Cuando los médicos de Madrid han dicho “queremos pacientes, y no clientes”, o “somos pacientes”, han puesto el acento en el primer significado etimológico de esta palabra, que es el que pervive en la medicina: persona que sufre (paciente es un participio presente latino del verbo patior, una forma activa, así que no tiene nada que ver, en origen, con la pasividad ni con la sumisión). Todos sufrimos. Y no es fácil identificarse como aquel que padece, quizá de ahí provenga el rechazo a la palabra “paciente”. A veces he tratado con médicos que no podían sentirse más alejados del “ser paciente”: se situaban completamente del otro lado, del lado del poder, de la seguridad, de la fuerza. Por eso, cuando los médicos afirman que también son pacientes, a los demás, los que somos sólo pacientes, nos parece un gesto de valentía, pues implica un saber mostrar la propia vulnerabilidad y ponerse también del lado del sufrimiento.

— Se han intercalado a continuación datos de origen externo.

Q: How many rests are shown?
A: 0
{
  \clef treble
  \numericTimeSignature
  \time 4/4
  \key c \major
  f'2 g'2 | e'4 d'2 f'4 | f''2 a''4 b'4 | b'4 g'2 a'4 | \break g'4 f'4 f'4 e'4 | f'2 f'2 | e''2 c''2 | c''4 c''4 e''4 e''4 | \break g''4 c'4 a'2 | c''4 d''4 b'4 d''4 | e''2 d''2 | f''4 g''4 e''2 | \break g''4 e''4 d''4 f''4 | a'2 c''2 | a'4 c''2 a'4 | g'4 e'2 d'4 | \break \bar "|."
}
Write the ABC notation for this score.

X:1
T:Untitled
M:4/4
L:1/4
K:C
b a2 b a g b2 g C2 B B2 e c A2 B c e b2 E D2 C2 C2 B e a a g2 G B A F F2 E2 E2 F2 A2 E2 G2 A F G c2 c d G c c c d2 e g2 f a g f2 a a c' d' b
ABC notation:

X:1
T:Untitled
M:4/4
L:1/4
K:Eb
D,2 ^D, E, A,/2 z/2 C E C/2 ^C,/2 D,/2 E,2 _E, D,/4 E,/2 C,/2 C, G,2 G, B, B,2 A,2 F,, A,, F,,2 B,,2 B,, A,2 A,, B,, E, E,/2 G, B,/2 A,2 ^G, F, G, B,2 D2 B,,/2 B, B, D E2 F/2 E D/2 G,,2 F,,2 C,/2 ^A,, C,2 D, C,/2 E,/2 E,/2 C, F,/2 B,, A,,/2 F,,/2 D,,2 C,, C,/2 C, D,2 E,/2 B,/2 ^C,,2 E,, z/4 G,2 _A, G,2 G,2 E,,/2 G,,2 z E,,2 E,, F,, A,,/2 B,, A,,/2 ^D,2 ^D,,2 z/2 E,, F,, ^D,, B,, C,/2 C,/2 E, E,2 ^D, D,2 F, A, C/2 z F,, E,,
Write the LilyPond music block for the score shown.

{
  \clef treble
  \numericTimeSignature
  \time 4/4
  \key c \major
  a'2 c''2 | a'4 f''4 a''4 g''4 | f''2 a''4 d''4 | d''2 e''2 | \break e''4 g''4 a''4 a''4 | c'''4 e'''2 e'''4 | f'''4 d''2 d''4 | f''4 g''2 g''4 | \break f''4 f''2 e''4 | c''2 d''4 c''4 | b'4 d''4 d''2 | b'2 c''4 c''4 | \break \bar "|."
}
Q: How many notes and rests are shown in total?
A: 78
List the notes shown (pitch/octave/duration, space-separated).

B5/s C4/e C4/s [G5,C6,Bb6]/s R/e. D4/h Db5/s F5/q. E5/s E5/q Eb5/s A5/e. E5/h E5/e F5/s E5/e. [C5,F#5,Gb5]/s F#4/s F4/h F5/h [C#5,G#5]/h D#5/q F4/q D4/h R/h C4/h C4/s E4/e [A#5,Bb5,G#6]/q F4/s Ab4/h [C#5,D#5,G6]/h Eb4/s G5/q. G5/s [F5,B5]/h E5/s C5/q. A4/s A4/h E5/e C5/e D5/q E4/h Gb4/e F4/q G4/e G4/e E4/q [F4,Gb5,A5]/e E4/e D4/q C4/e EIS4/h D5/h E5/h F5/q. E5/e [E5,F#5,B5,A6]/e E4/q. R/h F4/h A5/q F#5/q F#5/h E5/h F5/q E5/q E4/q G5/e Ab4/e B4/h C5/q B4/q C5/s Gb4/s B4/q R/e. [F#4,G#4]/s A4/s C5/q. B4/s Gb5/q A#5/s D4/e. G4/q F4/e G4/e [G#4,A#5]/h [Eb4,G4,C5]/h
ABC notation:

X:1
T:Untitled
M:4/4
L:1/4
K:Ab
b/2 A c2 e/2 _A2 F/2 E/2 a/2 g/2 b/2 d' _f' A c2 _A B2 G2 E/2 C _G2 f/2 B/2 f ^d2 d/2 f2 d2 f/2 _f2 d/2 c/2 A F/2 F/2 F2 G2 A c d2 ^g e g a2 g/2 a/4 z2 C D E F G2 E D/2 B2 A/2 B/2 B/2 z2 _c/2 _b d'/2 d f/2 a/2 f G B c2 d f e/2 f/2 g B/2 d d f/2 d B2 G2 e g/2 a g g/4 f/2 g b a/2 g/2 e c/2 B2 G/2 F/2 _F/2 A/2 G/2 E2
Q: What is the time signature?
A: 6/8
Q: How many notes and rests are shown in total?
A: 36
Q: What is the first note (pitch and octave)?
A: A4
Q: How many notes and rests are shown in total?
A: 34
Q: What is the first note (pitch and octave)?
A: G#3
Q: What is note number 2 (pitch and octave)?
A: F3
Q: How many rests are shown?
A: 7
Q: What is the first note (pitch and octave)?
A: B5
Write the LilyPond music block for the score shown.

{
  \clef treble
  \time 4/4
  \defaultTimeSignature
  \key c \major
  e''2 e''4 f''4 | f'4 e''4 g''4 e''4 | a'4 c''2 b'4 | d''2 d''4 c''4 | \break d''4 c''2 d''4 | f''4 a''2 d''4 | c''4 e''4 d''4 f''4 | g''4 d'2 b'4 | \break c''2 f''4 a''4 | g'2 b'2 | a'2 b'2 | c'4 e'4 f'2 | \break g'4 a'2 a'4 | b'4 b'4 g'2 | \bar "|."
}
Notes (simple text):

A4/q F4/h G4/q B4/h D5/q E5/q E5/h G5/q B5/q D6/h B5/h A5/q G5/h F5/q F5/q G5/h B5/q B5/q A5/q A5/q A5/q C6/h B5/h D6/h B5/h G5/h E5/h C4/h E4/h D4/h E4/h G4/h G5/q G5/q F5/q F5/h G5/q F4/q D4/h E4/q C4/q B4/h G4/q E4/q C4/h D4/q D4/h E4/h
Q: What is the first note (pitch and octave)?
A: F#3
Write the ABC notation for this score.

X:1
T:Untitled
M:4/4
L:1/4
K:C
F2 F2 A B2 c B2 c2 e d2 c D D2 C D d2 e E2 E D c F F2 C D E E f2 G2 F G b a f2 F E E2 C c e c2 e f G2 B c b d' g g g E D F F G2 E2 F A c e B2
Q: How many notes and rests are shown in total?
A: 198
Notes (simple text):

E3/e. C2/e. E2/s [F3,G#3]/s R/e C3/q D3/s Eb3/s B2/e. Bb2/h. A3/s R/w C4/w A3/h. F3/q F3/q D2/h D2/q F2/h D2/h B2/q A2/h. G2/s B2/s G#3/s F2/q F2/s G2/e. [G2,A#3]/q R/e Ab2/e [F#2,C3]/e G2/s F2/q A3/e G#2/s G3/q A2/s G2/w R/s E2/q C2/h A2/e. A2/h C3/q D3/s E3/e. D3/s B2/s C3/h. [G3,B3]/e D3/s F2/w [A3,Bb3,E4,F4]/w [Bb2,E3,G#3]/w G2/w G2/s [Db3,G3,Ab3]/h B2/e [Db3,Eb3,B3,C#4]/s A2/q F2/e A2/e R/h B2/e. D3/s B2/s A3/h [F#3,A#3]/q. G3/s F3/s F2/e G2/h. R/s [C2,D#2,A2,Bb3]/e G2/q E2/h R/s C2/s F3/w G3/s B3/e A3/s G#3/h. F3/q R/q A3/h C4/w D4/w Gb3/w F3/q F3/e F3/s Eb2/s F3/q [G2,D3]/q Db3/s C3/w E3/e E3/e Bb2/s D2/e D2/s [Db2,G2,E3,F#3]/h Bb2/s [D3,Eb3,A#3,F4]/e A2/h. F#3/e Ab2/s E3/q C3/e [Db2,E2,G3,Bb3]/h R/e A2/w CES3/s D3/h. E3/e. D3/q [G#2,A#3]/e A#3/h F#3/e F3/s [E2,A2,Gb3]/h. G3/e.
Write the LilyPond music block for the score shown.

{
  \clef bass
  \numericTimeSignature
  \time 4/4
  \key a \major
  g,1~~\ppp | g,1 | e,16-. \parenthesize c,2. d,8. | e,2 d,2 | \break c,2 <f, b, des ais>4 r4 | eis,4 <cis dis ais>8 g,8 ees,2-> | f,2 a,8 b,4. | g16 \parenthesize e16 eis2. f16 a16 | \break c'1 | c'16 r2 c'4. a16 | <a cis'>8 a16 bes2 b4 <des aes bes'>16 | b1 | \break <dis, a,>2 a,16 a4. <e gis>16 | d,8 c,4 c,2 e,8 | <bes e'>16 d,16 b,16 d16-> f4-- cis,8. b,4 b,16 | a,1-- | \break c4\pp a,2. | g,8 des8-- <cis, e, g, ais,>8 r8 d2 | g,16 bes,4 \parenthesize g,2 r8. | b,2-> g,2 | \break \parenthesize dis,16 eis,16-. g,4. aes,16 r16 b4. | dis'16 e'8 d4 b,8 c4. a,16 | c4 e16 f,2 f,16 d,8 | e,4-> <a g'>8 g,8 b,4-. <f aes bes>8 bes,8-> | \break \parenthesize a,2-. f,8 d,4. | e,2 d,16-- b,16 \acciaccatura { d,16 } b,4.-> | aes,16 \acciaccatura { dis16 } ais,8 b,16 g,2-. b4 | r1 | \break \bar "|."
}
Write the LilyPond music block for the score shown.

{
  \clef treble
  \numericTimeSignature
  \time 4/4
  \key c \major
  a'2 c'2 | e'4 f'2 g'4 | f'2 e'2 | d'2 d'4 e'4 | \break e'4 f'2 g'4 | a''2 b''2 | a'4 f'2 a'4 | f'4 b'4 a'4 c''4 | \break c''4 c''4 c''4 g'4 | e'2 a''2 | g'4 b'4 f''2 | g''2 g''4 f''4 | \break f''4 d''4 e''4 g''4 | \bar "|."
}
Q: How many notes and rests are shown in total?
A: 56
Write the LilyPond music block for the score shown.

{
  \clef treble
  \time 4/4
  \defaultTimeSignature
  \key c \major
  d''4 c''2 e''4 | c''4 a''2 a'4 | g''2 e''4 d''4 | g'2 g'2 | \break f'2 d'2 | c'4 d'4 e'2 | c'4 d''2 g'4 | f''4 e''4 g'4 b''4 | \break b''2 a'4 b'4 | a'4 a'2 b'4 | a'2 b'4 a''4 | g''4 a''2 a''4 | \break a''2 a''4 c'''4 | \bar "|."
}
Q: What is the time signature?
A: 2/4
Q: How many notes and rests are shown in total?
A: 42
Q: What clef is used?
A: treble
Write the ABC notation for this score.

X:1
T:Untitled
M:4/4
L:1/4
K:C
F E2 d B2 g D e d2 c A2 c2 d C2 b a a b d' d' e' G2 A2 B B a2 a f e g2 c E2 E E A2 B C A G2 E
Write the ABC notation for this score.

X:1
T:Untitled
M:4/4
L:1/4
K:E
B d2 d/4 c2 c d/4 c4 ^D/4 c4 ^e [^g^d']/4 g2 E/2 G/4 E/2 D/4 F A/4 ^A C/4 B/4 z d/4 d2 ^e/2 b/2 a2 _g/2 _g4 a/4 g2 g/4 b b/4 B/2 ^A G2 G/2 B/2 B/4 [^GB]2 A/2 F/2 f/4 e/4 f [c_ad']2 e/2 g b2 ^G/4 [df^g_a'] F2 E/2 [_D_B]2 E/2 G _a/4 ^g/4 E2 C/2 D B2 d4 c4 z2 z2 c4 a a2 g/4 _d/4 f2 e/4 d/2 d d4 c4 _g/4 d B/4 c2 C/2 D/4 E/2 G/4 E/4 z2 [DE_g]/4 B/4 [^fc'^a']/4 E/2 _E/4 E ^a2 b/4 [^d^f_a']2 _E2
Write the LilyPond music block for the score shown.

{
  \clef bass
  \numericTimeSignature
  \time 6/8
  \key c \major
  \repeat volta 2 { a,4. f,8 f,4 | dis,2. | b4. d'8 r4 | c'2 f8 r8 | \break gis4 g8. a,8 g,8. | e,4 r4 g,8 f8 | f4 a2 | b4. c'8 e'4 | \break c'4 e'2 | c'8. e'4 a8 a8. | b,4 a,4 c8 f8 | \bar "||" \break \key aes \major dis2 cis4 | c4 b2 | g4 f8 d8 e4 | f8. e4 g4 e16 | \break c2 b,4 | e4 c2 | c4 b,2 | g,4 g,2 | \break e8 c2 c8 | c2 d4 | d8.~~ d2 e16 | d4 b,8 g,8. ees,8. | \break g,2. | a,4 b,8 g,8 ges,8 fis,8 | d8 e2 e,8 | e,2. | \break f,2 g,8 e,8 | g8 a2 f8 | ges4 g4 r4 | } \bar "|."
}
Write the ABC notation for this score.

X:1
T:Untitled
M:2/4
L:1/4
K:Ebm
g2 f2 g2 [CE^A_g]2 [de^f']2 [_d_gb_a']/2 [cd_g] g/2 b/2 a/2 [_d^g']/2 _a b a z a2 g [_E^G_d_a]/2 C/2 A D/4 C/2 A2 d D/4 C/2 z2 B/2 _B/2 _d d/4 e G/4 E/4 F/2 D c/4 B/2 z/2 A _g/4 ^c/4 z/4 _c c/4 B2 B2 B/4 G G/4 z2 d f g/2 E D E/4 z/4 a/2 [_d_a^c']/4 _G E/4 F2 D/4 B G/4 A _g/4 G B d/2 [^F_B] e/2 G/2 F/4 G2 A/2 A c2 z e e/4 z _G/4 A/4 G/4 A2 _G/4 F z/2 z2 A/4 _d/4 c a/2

Gabriele aún sabe poco del dolor de la vida. Pero en estos días me preocupa profundamente pensar que pueda llegar a tener que enfrentarse a la enfermedad sin que haya nadie que lo cuide adecuadamente: él y todos nosotros, muy especialmente aquellos niños que había en la manifestación, también los que iban muy contentos disfrazados de médicos.
Hace dos semanas vino a vernos mi madre. Se llevó a Gabriele a dar un paseo el domingo por la mañana y, ¡qué casualidad! acabaron en otra manifestación: de discapacitados. Me contó mi madre que Gabriele, interesadísimo por el evento, se había puesto a aplaudir varias veces. Sobre todo cuando pasaron los ciegos con sus perros-guía. “¡Qué bonito!”, pensé, “¡tan pequeño y ya sabe de qué lado ponerse!”. Espero que nunca lo olvide, sea cual sea la profesión que elija.